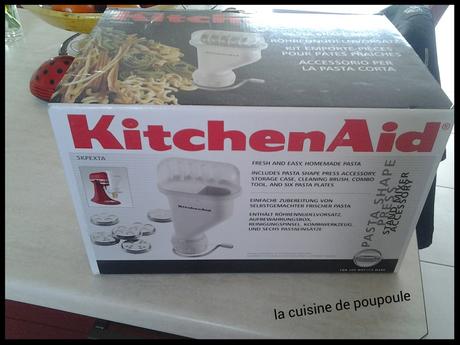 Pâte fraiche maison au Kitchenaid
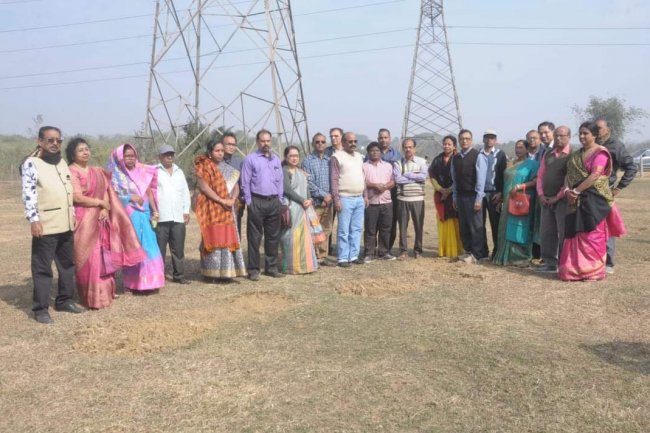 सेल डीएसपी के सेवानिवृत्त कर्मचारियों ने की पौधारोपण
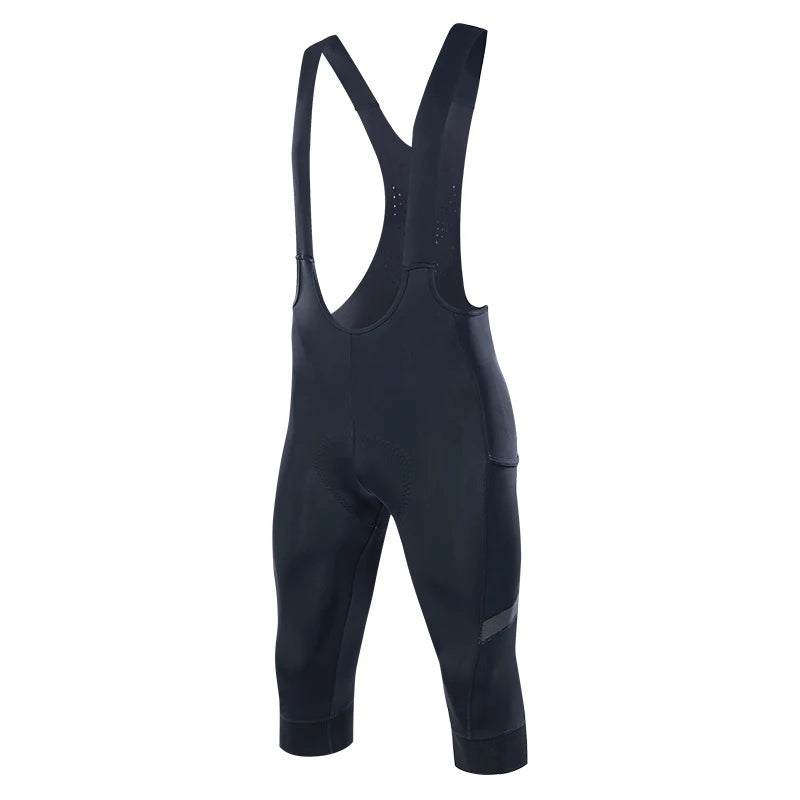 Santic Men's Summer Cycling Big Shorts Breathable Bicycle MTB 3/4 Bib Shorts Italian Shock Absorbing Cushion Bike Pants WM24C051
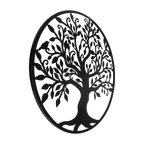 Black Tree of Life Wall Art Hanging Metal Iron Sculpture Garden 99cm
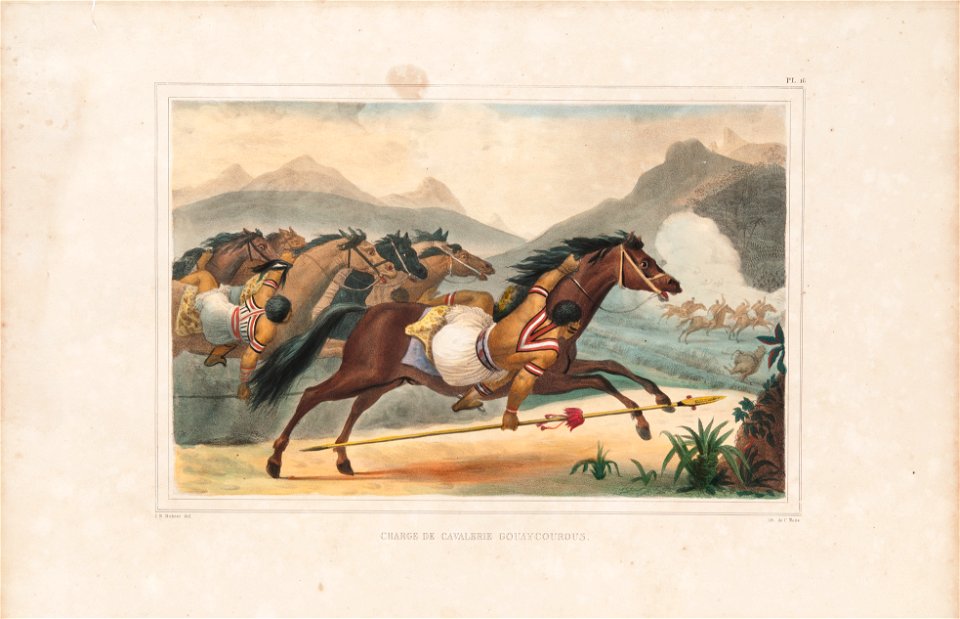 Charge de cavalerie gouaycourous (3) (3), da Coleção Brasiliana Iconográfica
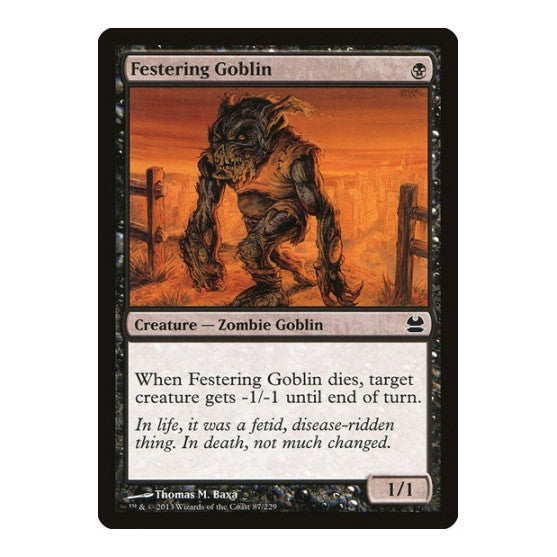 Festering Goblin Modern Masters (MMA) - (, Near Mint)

==

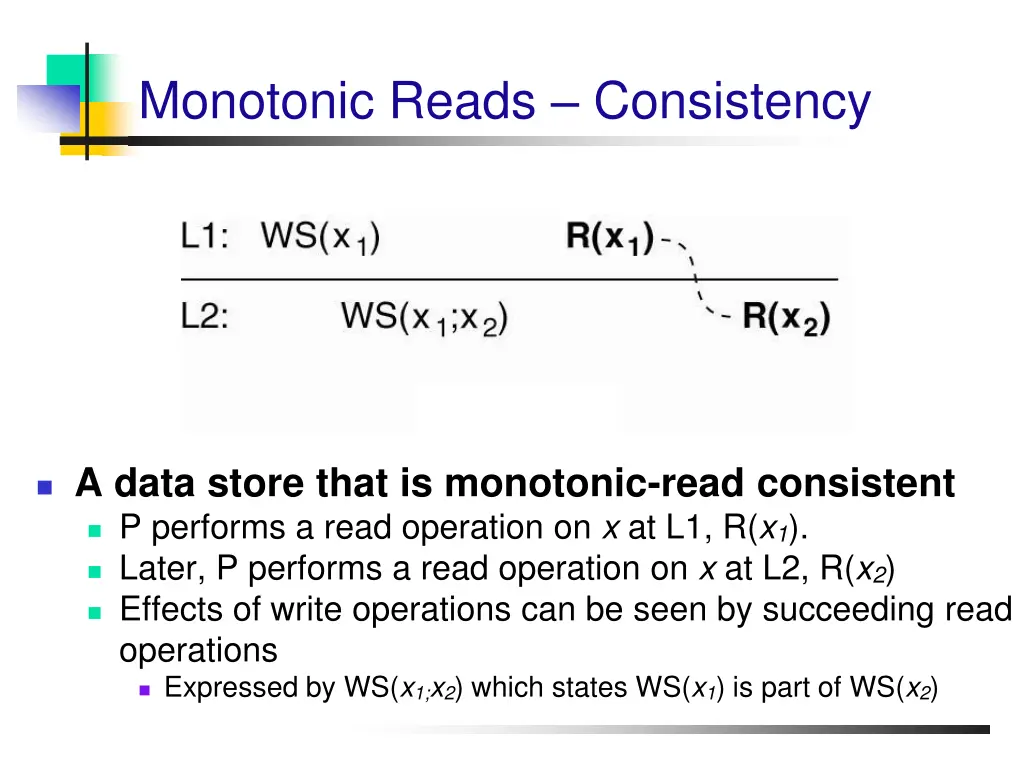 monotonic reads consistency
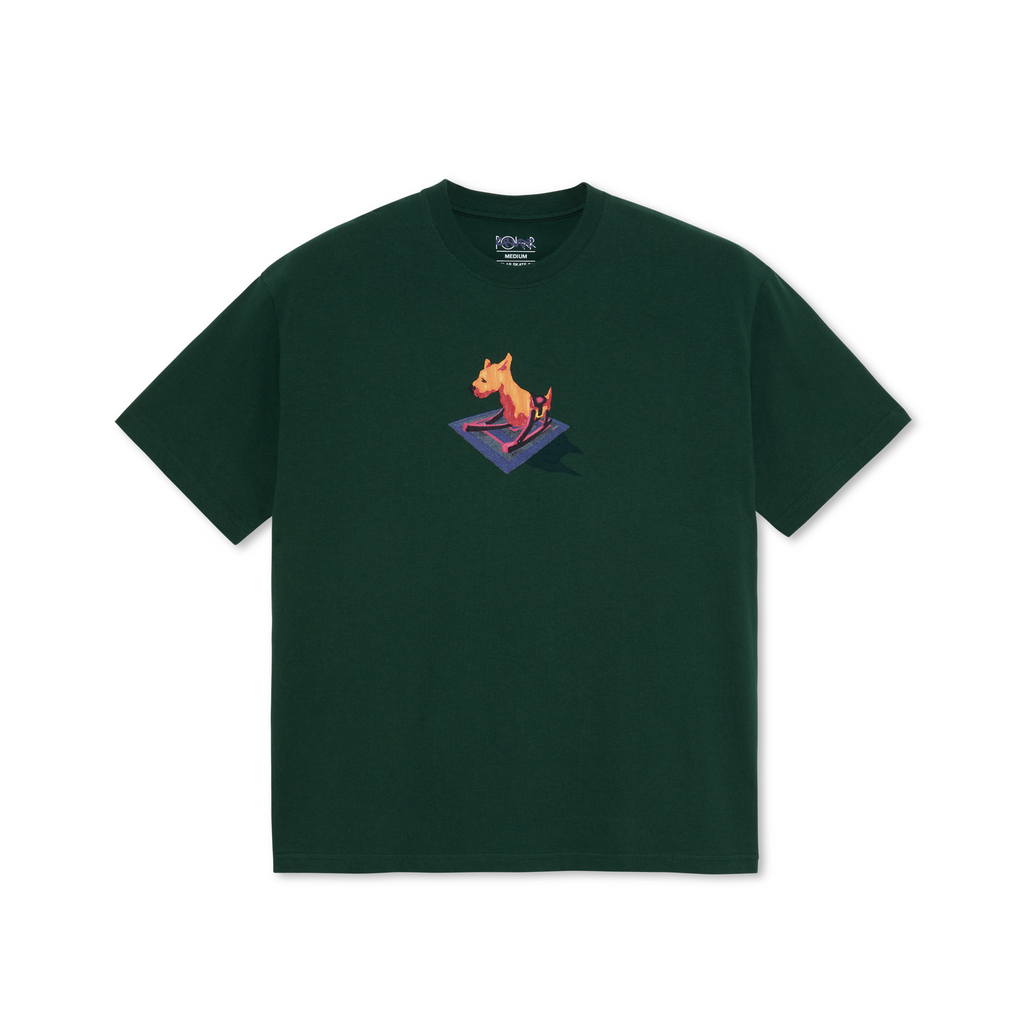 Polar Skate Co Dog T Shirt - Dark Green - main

==

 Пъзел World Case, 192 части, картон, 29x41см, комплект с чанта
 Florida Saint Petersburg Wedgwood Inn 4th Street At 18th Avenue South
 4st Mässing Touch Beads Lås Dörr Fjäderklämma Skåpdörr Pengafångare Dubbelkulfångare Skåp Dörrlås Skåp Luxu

__Exercise__
In the records above, copy exactly everything from the line that has "Charge de cavalerie" down to the line that has "Festering Goblin Modern", both ends included, and leave out the pictures.

__Answer area__
 Charge de cavalerie gouaycourous (3) (3), da Coleção Brasiliana Iconográfica
 Festering Goblin Modern Masters (MMA) - (, Near Mint)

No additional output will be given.